St. Maximus the Confessor


“The extremities of the earth, and everyone in every part of it who purely and rightly confess the Lord, look directly towards the Most Holy Roman Church and her confession and faith, as to a sun of unfailing light awaiting from her the brilliant radiance of the sacred dogmas of our Fathers, according to that which the inspired and holy Councils have stainlessly and piously decreed. For, from the descent of the Incarnate Word amongst us, all the churches in every part of the world have held the greatest Church alone to be their base and foundation, seeing that, according to the promise of Christ Our Savior, the gates of hell will never prevail against her, that she has the keys of the orthodox confession and right faith in Him, that she opens the true and exclusive religion to such men as approach with piety, and she shuts up and locks every heretical mouth which speaks against the Most High.” (Maximus, a native of Constantinople, Opuscula theologica et polemica, Migne, Patr. Graec. vol. 90 [c. A.D. 650]).


“How much more in the case of the clergy and Church of the Romans, which from old until now presides over all the churches which are under the sun? Having surely received this canonically, as well as from councils and the apostles, as from the princes of the latter (Peter & Paul), and being numbered in their company, she is subject to no writings or issues in synodical documents, on account of the eminence of her pontificate …..even as in all these things all are equally subject to her (the Church of Rome) according to sacerodotal law. And so when, without fear, but with all holy and becoming confidence, those ministers (the Popes) are of the truly firm and immovable rock, that is of the most great and Apostolic Church of Rome.” (Maximus, in J.B. Mansi, ed. Amplissima Collectio Conciliorum, vol. 10 [c. A.D. 650]).

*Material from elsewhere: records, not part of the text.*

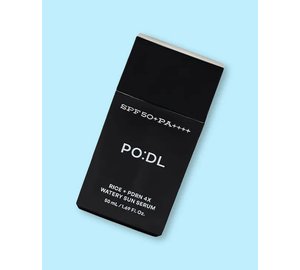 PO:DL Rice PDRN 4X Watery Sun Serum - 50 ml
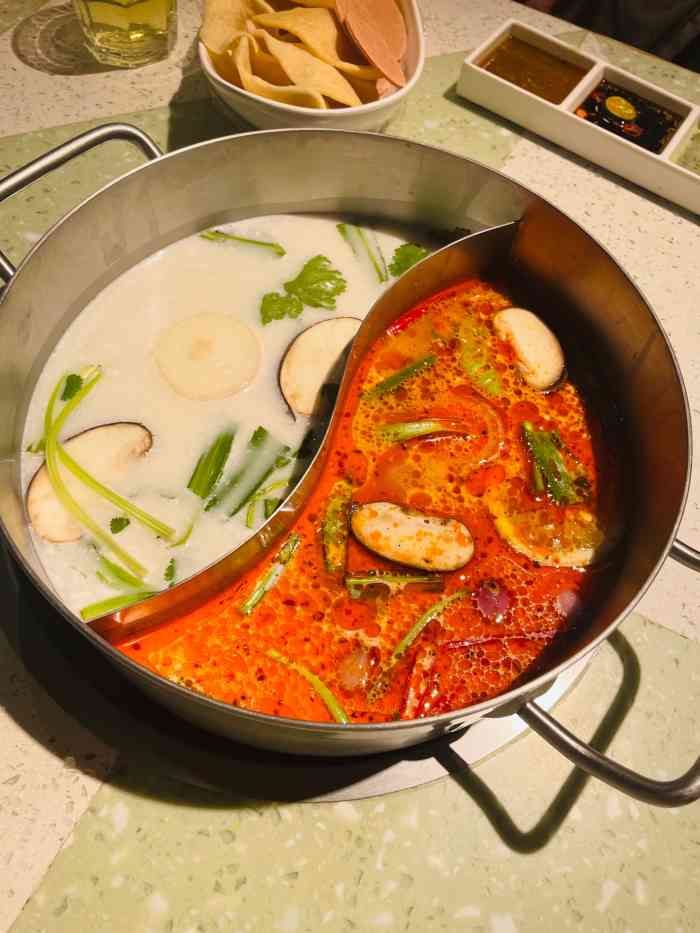 特爱泰·泰式火锅(合生汇购物中心店)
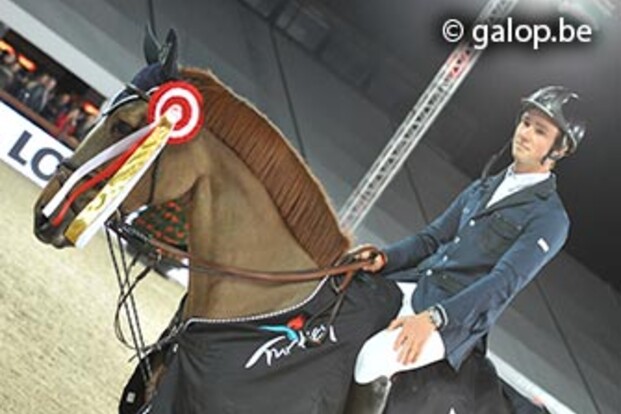 Constant Van Paesschen wint 1.50m Mannheim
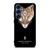 MARCELO BURLON LION Samsung Galaxy S25 Case Cover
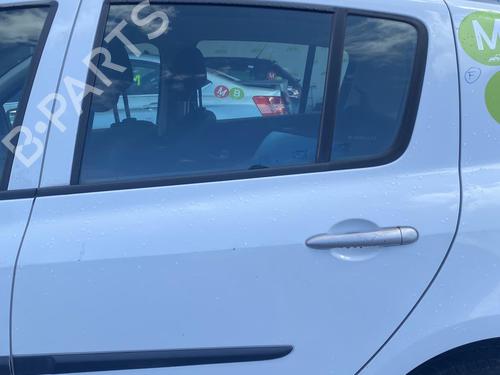 left-rear-door-renault-clio-iii-br01-cr01-2005-2006-2007-2008-2009-2010-2011-2012-2013-2014-36438008 main image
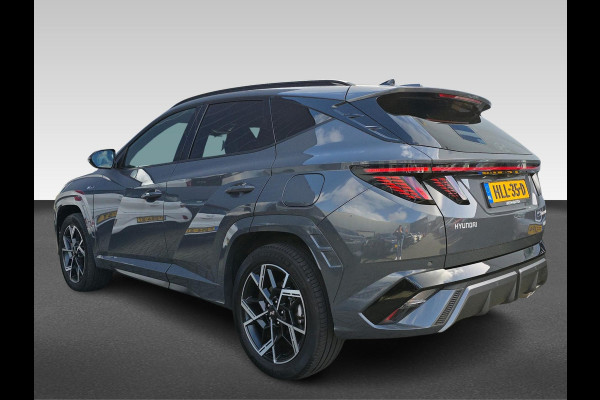 Hyundai Tucson 1.6 T-GDI PHEV N Line Edition | Automaat | Stoel/Stuurverwarming | Adaptive cruisecontrol | Navigatie |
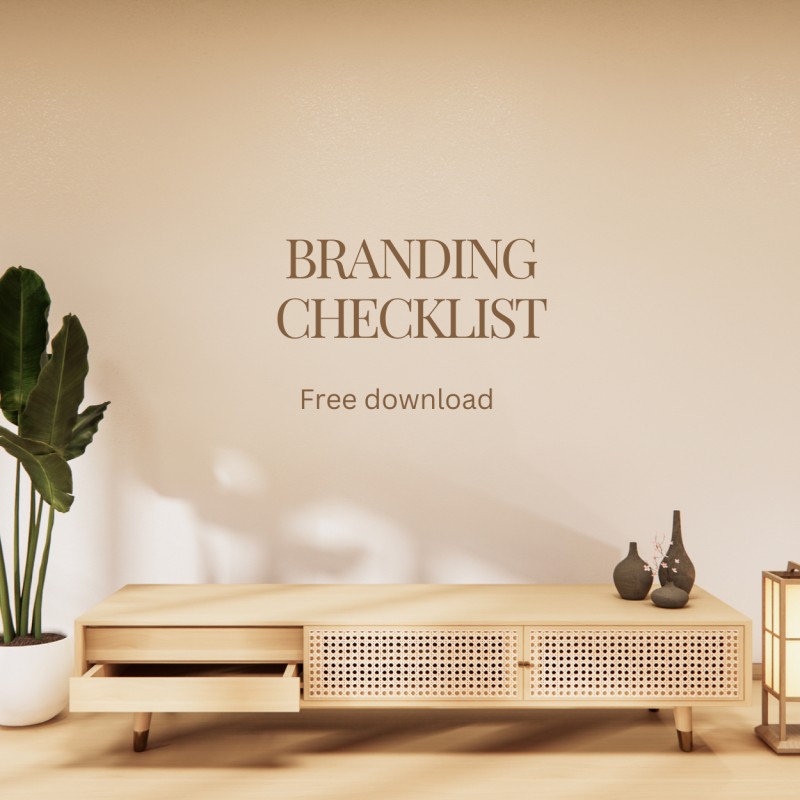 Branding Checklist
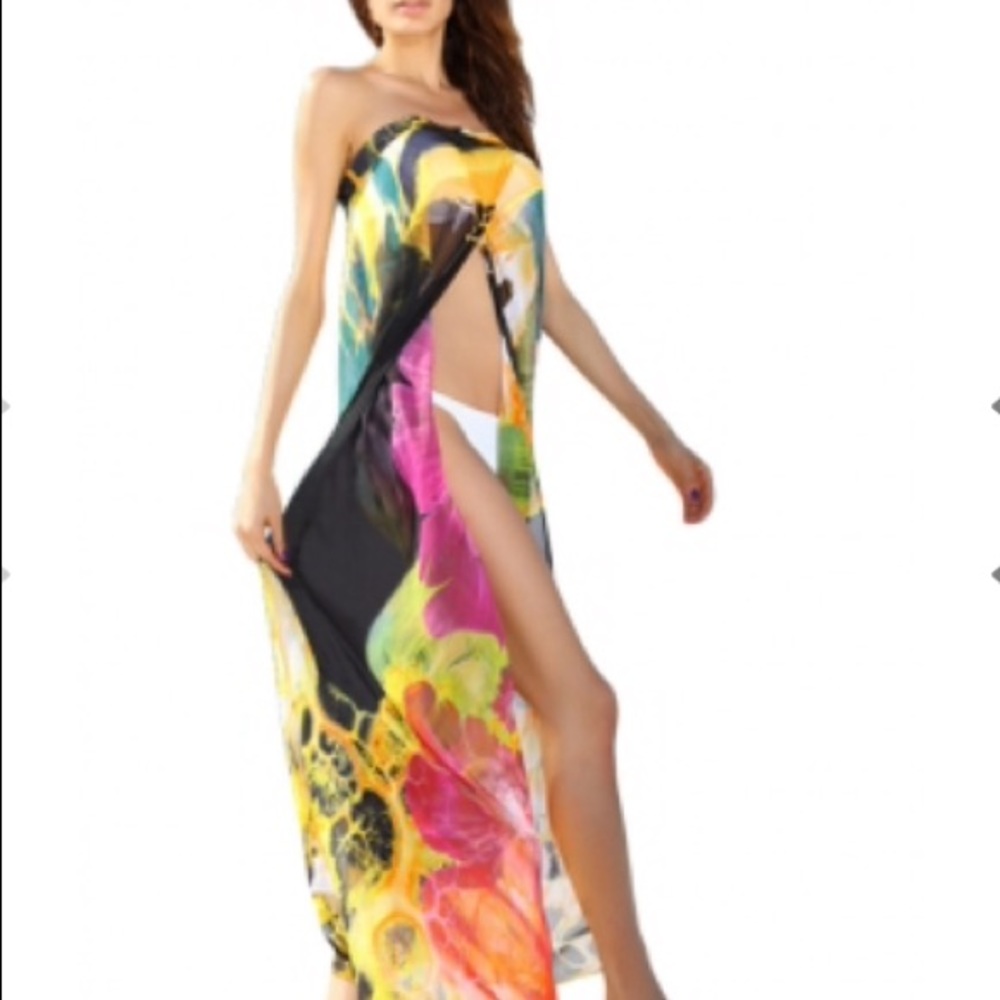 Beach/Swim coverup 🌴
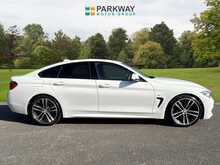BMW 4 Series Gran Coupe 420d M Sport - U15305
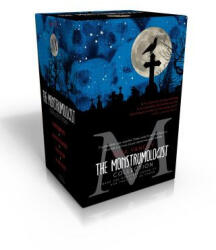 The Monstrumologist Collection - Rick Yancey (2014)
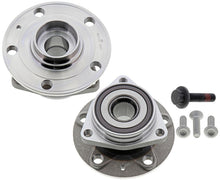 Mevotech Front Wheel Bearings & Hub Assembly For Volkswagen Tiguan 2018-2023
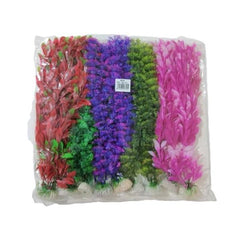Aquarium Artificial Grass Decoration 10Pcs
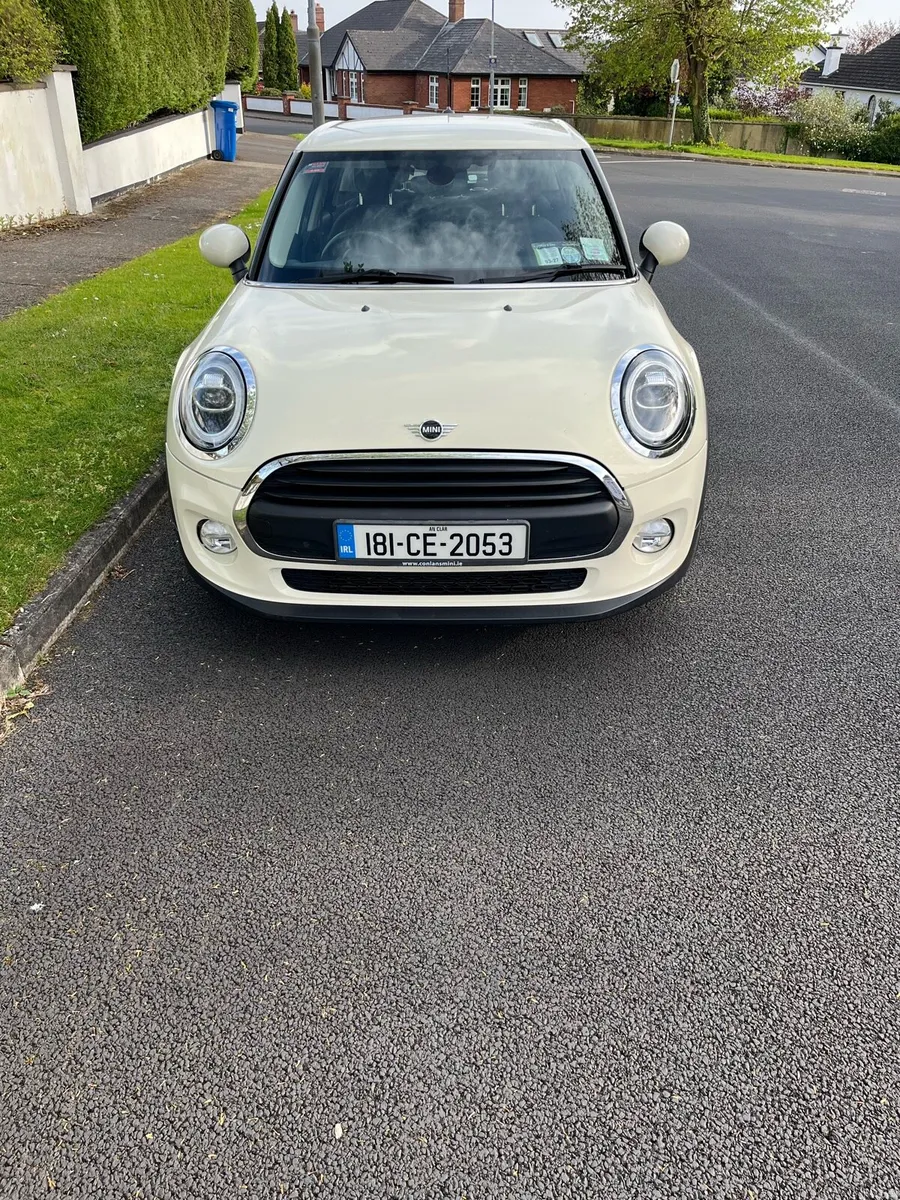 2018 Mini One - Image 4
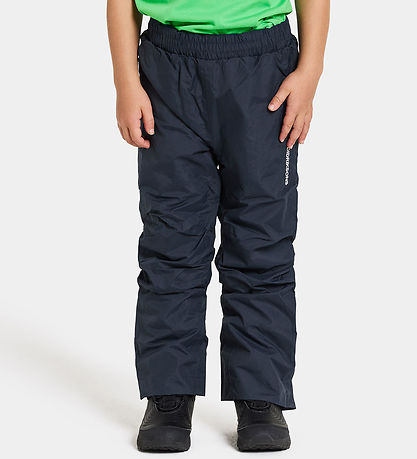 Pantalon coquille Didriksons - Idur - Marine Pantalon coquille Didriksons - Idur - Marine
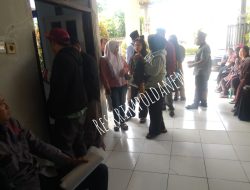 Sidang Cerai Digelar di Kantor Desa Losarang, Timbulkan pertanyaan?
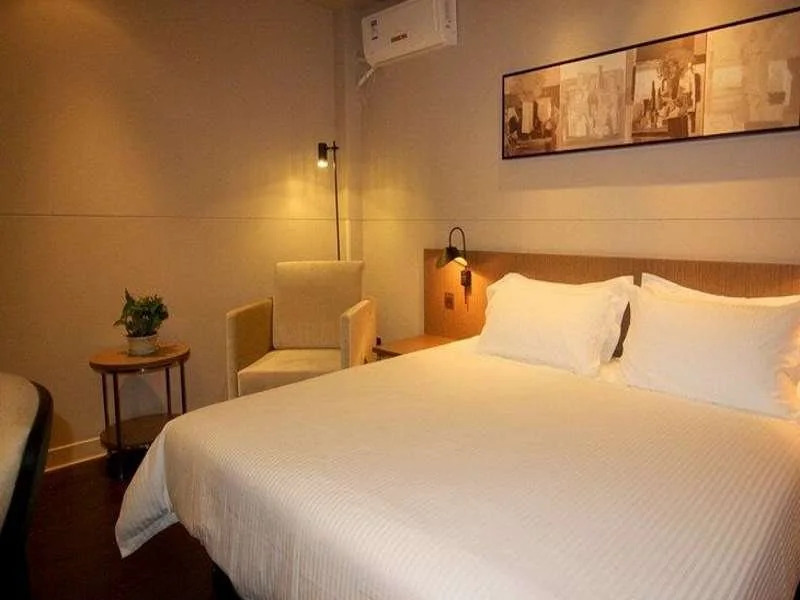 Jinjiang Inn Select Yantai Development Zone Wuzhishan Road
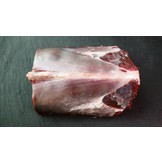 PREMIUM HIRSCHRÜCKEN MIT KNOCHEN AUS DER RHÖN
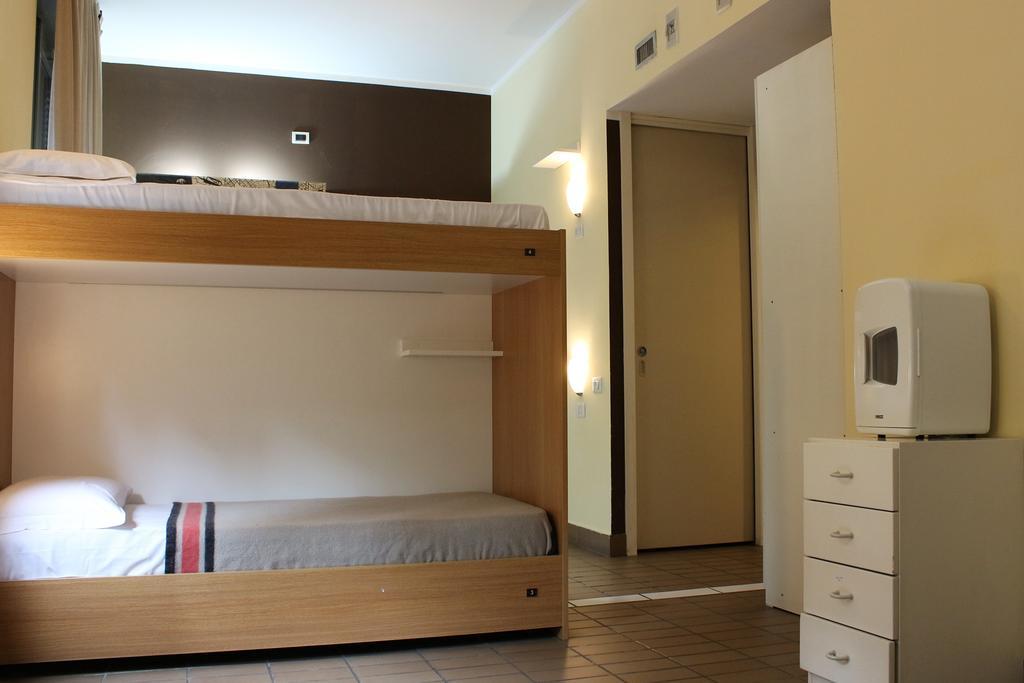 New Generation Hostel Citta Studi Milano Eksteriør bilde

“If the Roman See recognizes Pyrrhus to be not only a reprobate but a heretic, it is certainly plain that everyone who anathematizes those who have rejected Pyrrhus also anathematizes the See of Rome, that is, he anathematizes the Catholic Church. I need hardly add that he excommunicates himself also, if indeed he is in communion with the Roman See and the Catholic Church of God …Let him hasten before all things to satisfy the Roman See, for if it is satisfied, all will agree in calling him pious and orthodox. For he only speaks in vain who thinks he ought to pursuade or entrap persons like myself, and does not satisfy and implore the blessed Pope of the most holy Catholic Church of the Romans, that is, the Apostolic See, which is from the incarnate of the Son of God Himself, and also all the holy synods, accodring to the holy canons and definitions has received universal and surpreme dominion, authority, and power of binding and loosing over all the holy churches of God throughout the whole world.” (Maximus, Letter to Peter, in Mansi x, 692 [c. A.D. 650]).


St. Pope Agatho


“For this is the rule of the true faith, which this spiritual mother of your most tranquil empire, the Apostolic Church of Christ, has both in prosperity and in adversity always held and defended with energy; which, it will be proved, by the grace of Almighty God, has never erred from the path of the apostolic tradition, nor has she been depraved by yielding to heretical innovations, but from the beginning she has received the Christian faith from her founders, the princes of the Apostles of Christ, and remains undefiled unto the end, according to the divine promise of the Lord and Saviour himself, which he uttered in the holy Gospels to the prince of his disciples: saying, ‘Peter, Peter, behold, Satan has desired to have you, that he might sift you as wheat; but I have prayed for you, that (your) faith fail not. And when you are converted, strengthen your brethren.’ Let your tranquil Clemency therefore consider, since it is the Lord and Saviour of all, whose faith it is, that promised that Peter’s faith should not fail and exhorted him to strengthen his brethren, how it is known to all that the Apostolic pontiffs, the predecessors of my littleness, have always confidently done this very thing: of whom also our littleness, since I have received this ministry by divine designation, wishes to be the follower, although unequal to them and the least of all. (…)”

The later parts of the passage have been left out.